» The input

-------

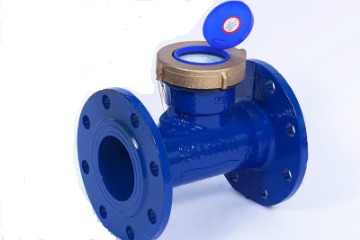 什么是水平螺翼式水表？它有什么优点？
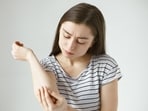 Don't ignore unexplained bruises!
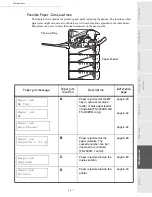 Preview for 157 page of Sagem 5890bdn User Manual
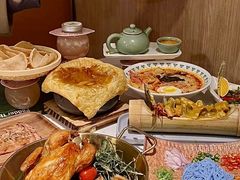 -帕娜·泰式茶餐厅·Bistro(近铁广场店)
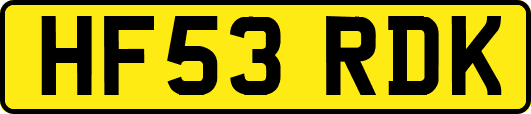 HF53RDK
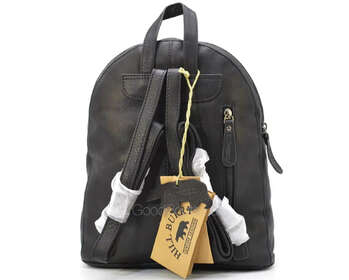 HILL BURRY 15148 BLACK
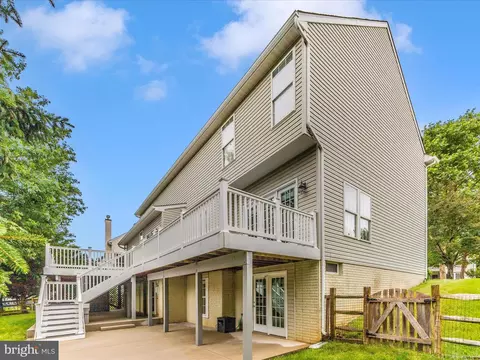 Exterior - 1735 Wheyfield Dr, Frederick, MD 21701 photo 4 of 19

-------

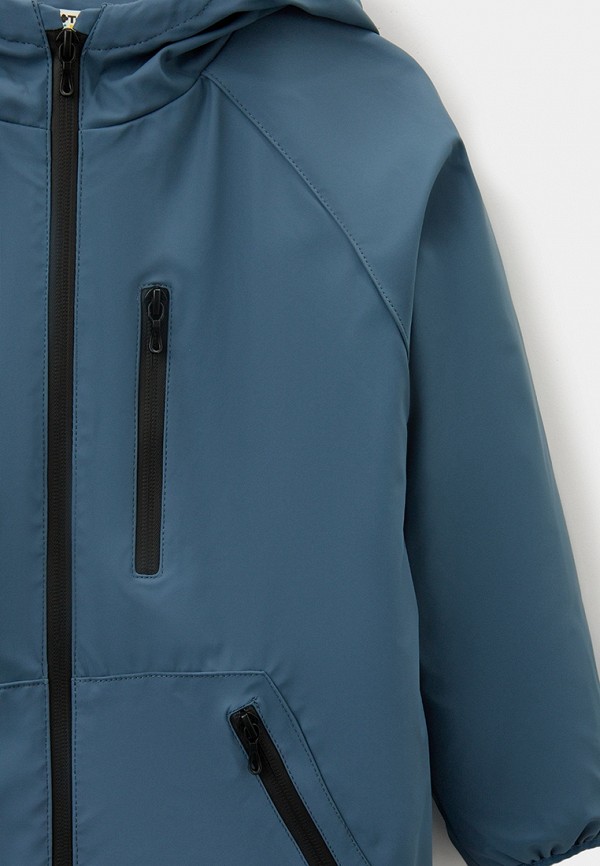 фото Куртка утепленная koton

-------

» Exercise
Given the listing above, retype only the span of lines from the line with "Preview for 157" up to and including the line with "Exterior - 1735", exactly as it stands and without pictures.

» Exercise result
 Preview for 157 page of Sagem 5890bdn User Manual
 -帕娜·泰式茶餐厅·Bistro(近铁广场店)
 HF53RDK
 HILL BURRY 15148 BLACK
 Exterior - 1735 Wheyfield Dr, Frederick, MD 21701 photo 4 of 19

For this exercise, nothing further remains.